Evaluation of aminoalkylmethacrylate nanoparticles as colloidal drug carrier systems. Part I: synthesis of monomers, dependence of the physical properties on the polymerization methods

Abstract

Conventional nanoparticles based on acrylic compounds are lipophilic and possess a negative surface charge. This is due to their manufacturing process and to the chemical structure of the polymer. Hence, these particles are not suitable for the adsorption of hydrophilic anionic drugs. In the present investigation, positively charged copolymer nanoparticles prepared from aminoalkyl- and methylmethacrylates were evaluated, with regard to their physical properties. This report provides a detailed description of the synthesis of the non-commercially available monomers and their polymerization procedure.
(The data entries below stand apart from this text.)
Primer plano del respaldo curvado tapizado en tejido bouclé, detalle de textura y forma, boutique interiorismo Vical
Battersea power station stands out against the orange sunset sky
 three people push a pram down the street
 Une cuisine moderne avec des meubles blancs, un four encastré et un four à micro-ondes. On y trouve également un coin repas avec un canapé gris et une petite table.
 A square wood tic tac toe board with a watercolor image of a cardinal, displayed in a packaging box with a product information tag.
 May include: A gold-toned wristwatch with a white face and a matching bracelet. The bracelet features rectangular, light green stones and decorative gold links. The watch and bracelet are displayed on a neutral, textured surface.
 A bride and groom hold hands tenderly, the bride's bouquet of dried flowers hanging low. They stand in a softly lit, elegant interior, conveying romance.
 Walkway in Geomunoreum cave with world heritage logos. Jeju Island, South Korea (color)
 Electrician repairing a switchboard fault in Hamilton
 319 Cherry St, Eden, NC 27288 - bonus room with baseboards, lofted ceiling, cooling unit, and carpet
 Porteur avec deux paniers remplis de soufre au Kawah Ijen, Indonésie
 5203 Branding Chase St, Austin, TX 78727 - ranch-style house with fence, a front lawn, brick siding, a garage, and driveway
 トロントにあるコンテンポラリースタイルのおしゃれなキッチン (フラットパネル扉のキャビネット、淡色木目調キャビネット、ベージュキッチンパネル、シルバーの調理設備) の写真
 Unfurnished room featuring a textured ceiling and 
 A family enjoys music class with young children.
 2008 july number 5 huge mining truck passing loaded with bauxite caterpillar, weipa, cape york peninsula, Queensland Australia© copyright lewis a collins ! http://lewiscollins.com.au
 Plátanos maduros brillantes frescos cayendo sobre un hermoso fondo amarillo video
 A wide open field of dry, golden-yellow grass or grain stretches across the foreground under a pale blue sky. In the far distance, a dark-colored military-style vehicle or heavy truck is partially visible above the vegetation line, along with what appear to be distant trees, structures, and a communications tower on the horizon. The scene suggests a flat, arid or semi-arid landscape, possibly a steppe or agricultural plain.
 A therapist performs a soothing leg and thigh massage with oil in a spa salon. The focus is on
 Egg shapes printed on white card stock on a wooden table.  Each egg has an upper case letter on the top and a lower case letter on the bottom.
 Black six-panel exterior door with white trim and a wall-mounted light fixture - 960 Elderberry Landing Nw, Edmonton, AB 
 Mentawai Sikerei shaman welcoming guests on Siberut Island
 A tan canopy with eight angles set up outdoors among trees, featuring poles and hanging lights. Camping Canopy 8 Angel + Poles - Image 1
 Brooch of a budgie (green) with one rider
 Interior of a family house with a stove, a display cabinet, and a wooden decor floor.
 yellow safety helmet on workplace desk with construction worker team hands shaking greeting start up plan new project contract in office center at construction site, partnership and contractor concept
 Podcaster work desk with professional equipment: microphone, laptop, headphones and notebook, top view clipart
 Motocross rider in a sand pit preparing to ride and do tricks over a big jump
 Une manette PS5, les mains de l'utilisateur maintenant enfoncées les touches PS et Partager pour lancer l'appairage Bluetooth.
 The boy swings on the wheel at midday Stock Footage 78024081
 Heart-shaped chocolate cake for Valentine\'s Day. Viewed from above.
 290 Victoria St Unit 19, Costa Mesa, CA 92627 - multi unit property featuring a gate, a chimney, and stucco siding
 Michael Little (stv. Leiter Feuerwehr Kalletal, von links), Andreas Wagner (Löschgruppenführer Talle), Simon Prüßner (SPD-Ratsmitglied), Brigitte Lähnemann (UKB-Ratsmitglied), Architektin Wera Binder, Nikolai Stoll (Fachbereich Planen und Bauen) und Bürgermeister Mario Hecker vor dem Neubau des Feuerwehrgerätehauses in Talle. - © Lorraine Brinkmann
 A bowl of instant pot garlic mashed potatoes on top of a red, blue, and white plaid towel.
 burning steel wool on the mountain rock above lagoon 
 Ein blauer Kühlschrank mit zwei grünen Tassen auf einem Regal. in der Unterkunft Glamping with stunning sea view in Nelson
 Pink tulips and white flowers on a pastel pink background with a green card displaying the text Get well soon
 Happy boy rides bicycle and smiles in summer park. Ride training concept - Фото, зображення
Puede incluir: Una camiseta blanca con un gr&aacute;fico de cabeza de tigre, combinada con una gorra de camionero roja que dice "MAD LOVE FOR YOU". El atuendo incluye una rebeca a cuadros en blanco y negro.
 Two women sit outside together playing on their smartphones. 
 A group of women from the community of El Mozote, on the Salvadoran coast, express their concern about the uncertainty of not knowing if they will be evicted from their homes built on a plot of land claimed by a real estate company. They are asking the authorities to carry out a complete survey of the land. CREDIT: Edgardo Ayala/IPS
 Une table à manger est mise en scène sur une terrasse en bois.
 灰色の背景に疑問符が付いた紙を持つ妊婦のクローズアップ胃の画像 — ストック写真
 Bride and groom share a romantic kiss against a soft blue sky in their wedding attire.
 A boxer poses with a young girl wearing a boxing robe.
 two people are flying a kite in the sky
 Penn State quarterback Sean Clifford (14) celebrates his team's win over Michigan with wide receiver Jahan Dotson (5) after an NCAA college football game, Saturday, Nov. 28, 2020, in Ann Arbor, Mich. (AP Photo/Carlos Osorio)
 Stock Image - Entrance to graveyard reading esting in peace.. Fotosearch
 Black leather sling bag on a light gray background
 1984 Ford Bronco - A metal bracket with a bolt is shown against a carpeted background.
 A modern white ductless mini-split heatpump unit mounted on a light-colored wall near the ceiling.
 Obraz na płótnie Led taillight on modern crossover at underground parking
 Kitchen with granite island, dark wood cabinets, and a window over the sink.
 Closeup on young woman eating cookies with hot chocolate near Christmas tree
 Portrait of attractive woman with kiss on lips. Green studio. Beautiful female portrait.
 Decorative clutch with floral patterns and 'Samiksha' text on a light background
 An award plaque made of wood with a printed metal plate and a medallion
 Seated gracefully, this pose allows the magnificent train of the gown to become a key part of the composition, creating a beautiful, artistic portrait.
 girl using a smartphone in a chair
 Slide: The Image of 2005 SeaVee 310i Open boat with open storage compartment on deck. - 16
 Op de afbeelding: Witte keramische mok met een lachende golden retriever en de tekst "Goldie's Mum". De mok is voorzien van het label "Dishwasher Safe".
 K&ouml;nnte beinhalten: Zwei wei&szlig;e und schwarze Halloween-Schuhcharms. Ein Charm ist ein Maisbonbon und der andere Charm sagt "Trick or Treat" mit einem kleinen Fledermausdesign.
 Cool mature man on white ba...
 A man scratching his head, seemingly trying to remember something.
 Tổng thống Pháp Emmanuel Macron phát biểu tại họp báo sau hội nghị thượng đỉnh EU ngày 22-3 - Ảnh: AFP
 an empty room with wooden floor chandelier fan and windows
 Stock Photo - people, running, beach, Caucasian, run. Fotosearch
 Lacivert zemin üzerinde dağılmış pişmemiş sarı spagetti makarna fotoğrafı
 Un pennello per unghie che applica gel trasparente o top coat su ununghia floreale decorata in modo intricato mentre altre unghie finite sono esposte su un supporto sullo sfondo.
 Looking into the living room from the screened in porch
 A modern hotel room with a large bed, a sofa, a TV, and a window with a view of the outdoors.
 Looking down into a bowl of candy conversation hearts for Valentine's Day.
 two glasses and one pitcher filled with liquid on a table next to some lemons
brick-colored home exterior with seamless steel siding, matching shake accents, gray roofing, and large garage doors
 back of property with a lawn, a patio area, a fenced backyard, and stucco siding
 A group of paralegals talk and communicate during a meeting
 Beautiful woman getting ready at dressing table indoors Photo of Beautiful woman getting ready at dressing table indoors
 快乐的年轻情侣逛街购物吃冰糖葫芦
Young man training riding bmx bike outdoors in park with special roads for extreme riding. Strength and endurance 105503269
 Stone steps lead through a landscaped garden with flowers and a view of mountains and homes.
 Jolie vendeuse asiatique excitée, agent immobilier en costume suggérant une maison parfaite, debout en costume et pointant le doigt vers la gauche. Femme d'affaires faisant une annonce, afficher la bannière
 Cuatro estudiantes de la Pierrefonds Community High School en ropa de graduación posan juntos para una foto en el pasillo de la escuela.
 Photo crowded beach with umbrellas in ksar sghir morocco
Various parameters were investigated, such as comonomer content, total amount of monomer, concentration of the radical initiator, and the composition of the polymerization medium. The resulting particle diameter and the surface charge were found to be strongly dependent on the polymerization conditions and on the pH. Optimization of the polymerization procedure yielded nanoparticles of about 200 nm exhibiting a positive surface charge. The charges of the different copolymer particles were then compared at different pH values. N-trimethylaminoethylmethacrylate (TMAEMC) nanoparticles with quaternary ammonium groups located at their surfaces, possessed a nearly constant positive zeta potential at various pH values and, consequently, pH-independent particle diameters. The physical characteristics of the other aminoalkyl copolymers correlated with the basicity of the monomers employed and were found to be strongly dependent on the pH of the dispersion medium. Aminoethylmethacrylate (AEMC), methylaminoethylmethacrylate (MMAEMC), and aminohexylmethacrylate (AHMC) as well as aminoethylmethacrylamide (AHMAC) copolymer nanoparticles exhibited a strong positively charged surface even at physiological pH and, therefore, are useful candidates for the adsorption of anionic drugs.